In Datteln I was shown many possible ways to help myself with my pain. At first it was unusual for me and also hard to use all the possible therapy methods because it also takes a certain amount of time until the exercises are learned and then help. A bit of patience and determination was necessary. Especially during pain attacks it was at first very hard for me to distract myself with other things and not think of my pain. Practicing the exercises often during the three weeks enabled me to learn them well. The pain attacks that I had several times a week before the pain therapy occurred only once during the three weeks. When I went home again I was afraid I wouldn’t be able to manage without the support of those in the hospital, but in the end these exercises were my only hope of getting control of my pain because I had already tried everything else. So at home and with the support of my parents I continued independently with the exercises that I had learned in the hospital. And it worked well at home. For sure, the headaches weren’t yet completely gone, but in any case it was much better than it had been before. I only had my pain attacks occasionally and in general the pain had moved into the background. I soon knew the exercise that I had been taught there by heart and could practice it on my own often during the day without writing anything down.

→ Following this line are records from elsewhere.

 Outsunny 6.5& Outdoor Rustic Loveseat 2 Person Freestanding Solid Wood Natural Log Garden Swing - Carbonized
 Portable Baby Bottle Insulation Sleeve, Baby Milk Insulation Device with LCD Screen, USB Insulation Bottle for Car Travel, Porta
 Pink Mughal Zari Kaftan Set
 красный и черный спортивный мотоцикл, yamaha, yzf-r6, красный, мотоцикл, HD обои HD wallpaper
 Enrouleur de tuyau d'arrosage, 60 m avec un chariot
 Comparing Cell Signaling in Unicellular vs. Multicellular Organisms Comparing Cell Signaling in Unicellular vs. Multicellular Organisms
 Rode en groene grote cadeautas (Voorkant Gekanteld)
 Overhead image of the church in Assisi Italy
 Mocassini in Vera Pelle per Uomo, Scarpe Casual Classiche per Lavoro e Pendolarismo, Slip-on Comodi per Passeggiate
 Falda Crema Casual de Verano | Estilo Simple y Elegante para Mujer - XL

Thanks to a lot of practice, I’ve got my pain very well under control. I hardly ever have the pain attacks anymore, and also the pain has in general become very weak. On some days I notice it more, for sure, but thanks to all the practice it has sorted itself out automatically with me, so that I don’t think of the headaches anymore and distract myself automatically. This has made it possible for me to avoid taking a pill immediately when I have pain. For this reason I would recommend this therapy to anyone who suffers from chronic pain.

At first the exercises weren’t too productive because I wasn’t used to them. The frequent practice has made the distraction function automatically. The exercises helped me the most. Besides, doing sports regularly is very important because you are the most distracted then. Leisure activities, such as doing something with friends, also helped me to forget about my pain and to be free of pain at least a certain amount of time.

Since the therapy and after work at home I can now concentrate much better on my Abitur studies without constant headaches; I’m no longer so distracted and tired. The therapy improved my mood in general a lot, since the constant headaches and stress in school and work had made me very moody.